The shift is occurring against the backdrop of an economy under so much stress that though Iran is the world's No. 2 oil exporter, it is on the verge of rationing gasoline.
At the same time, the nuclear standoff with the West threatens to bring new sanctions.
Analysts have said that the hard-line administration of Iranian President Mahmoud Ahmadinejad faces pressure for failing to deliver on promises of greater prosperity from soaring oil revenue.
It has been using US support for a change in government as well as a possible military attack as the pretext to hound his opposition and its sympathizers, the analysts said.
Some analysts describe the crackdown as a "cultural revolution," an attempt to roll back the clock to the time of the 1979 revolution, when the newly formed Islamic republic combined religious zeal and anti-imperialist rhetoric to try to assert itself as a regional leader.
Equally noteworthy is how little has been permitted to be discussed in the Iranian news media.
Instead, attention has been focused on Ahmadinejad's political enemies, like former president Mohammad Khatami and the controversy over whether he violated Islamic morals by shaking hands with an unfamiliar woman.
Young men wearing T-shirts deemed too tight or haircuts seen as too Western have been paraded bleeding through Tehran's streets by police officers who force them to suck on plastic water jugs, a toilet item that Iranians use to wash their bottoms.
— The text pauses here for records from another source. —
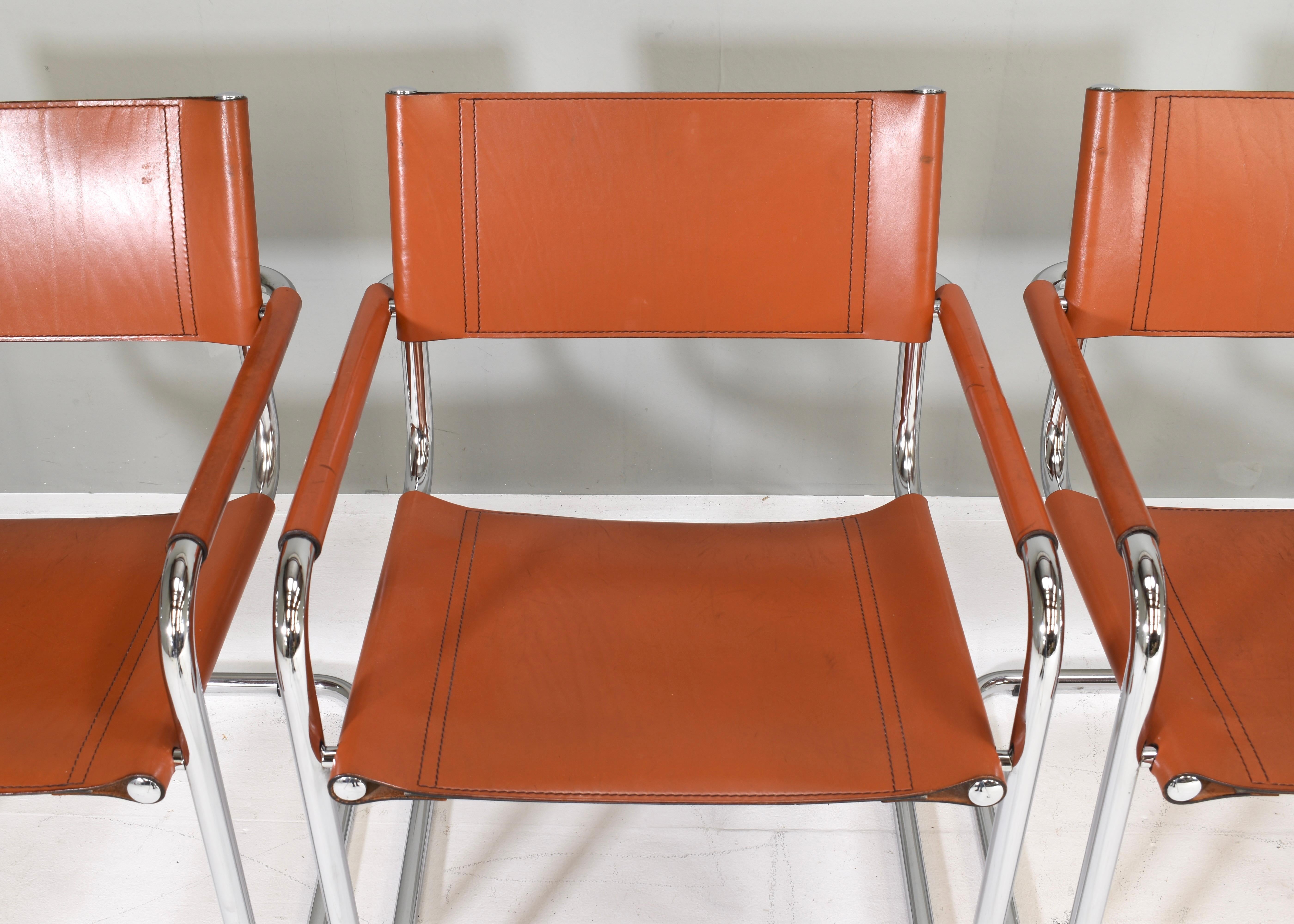 4x Mart Stam S34 Dining Armchairs in Cognac Leather by Fasem, Italy, 1970s For Sale 1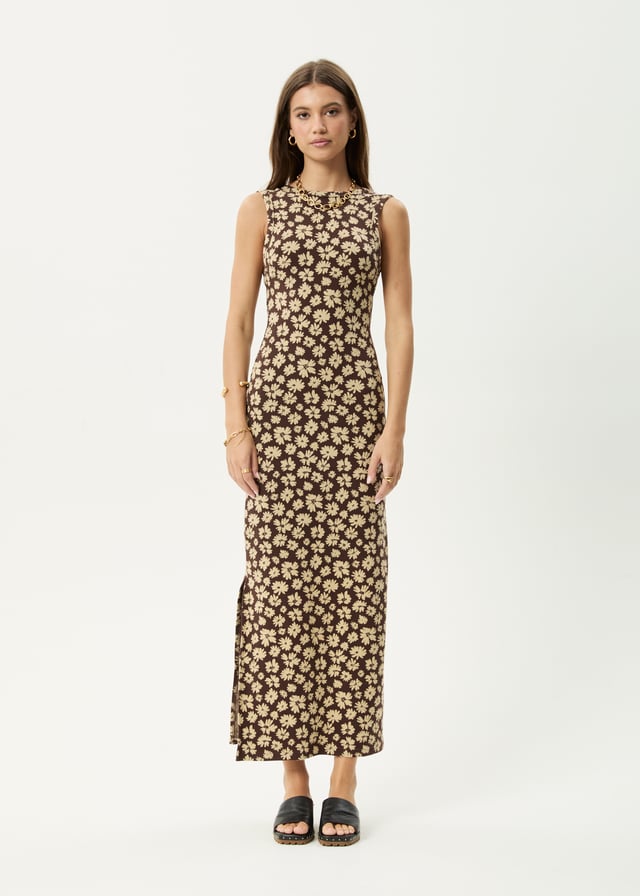 AFENDS Womens Astoria -  Maxi Dress - Coffee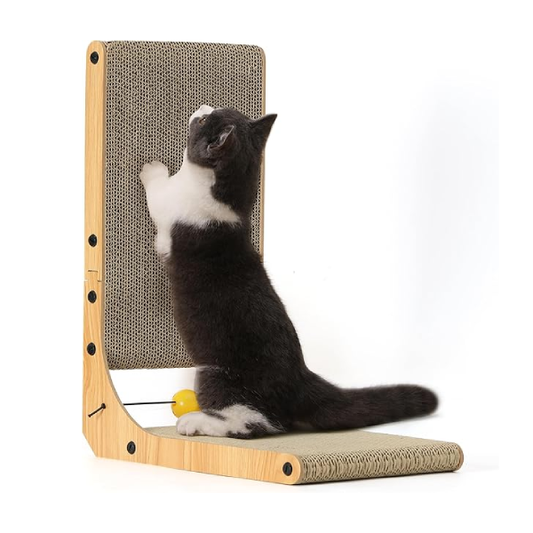 FUKUMARU L-Shaped Cat Scratching Board with Ball Toy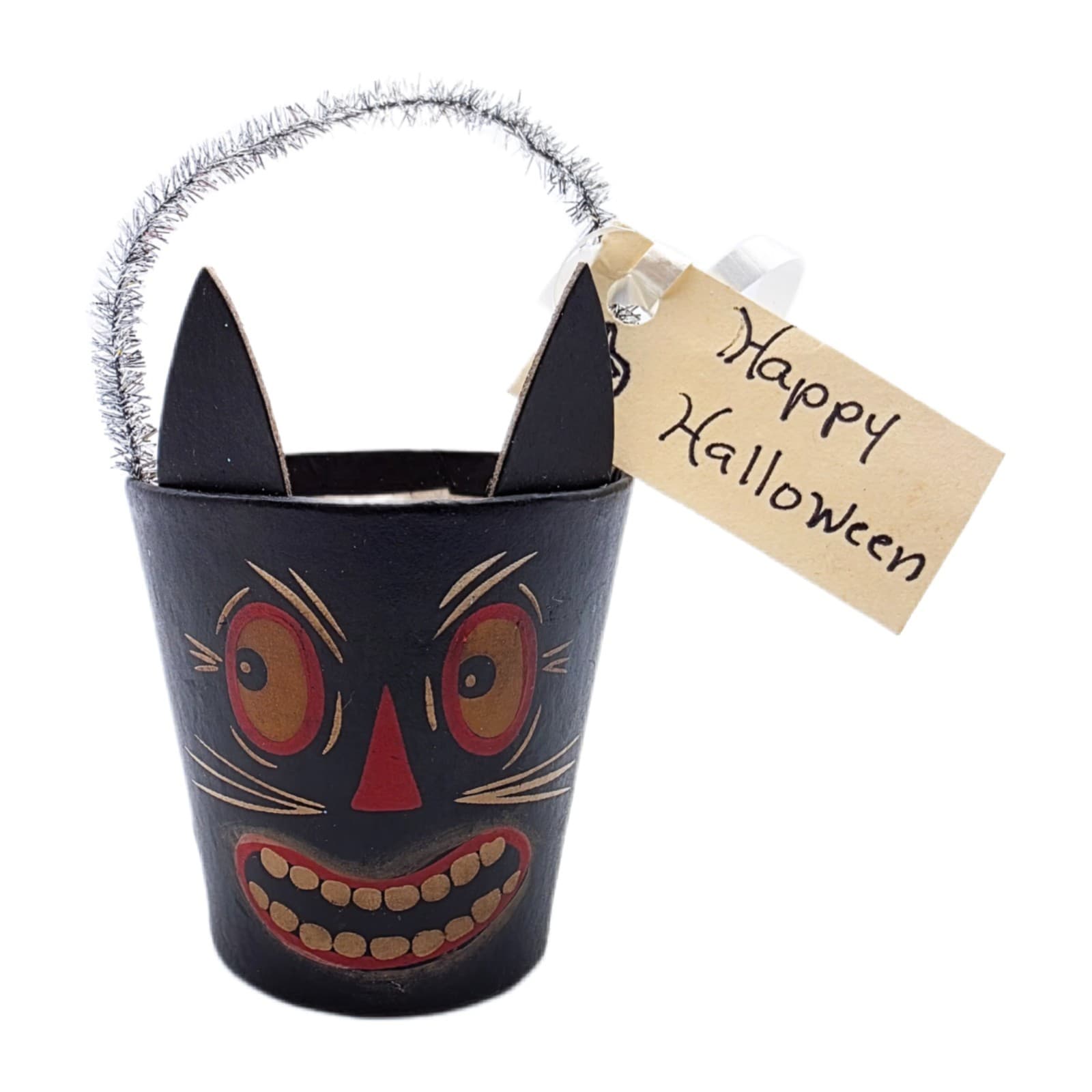 Bethany Lowe Designs Halloween Paper Mache Cat Small Bucket Container With Tag - Image 1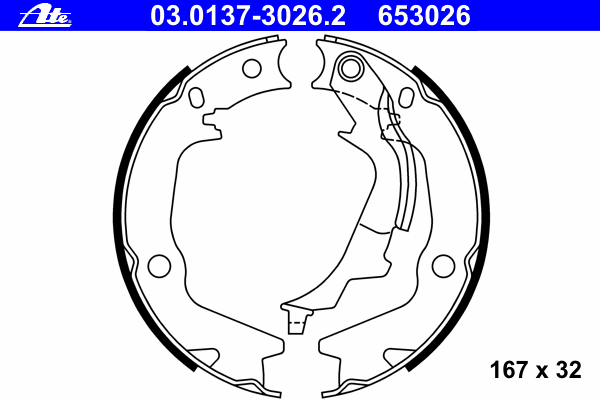 Комплект тормозных колодок, стояночная тормозная система ATE 03.0137-3026.2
In case anyone misses the point, it is the official news agency Fars distributing the pictures of what it calls "riffraff."
Photographs of far-bloodier images are circulating on blogs and on the Internet.
Iran's police chief boasted that 150,000 people -- a number far larger than previously reported -- were detained in the annual spring sweep against any clothing considered not Islamic.
Analysts trace the crackdown to a March speech by Iran's supreme leader, Ayatollah Ali Khamenei, whose pronouncements carry the weight of law.
He warned that no one should damage national unity when the West was waging psychological war on Iran.
Most ascribe Ahmadinejad's motives to block what could become an alliance between the camps of Khatami and former Iranian president Hashemi Rafsanjani.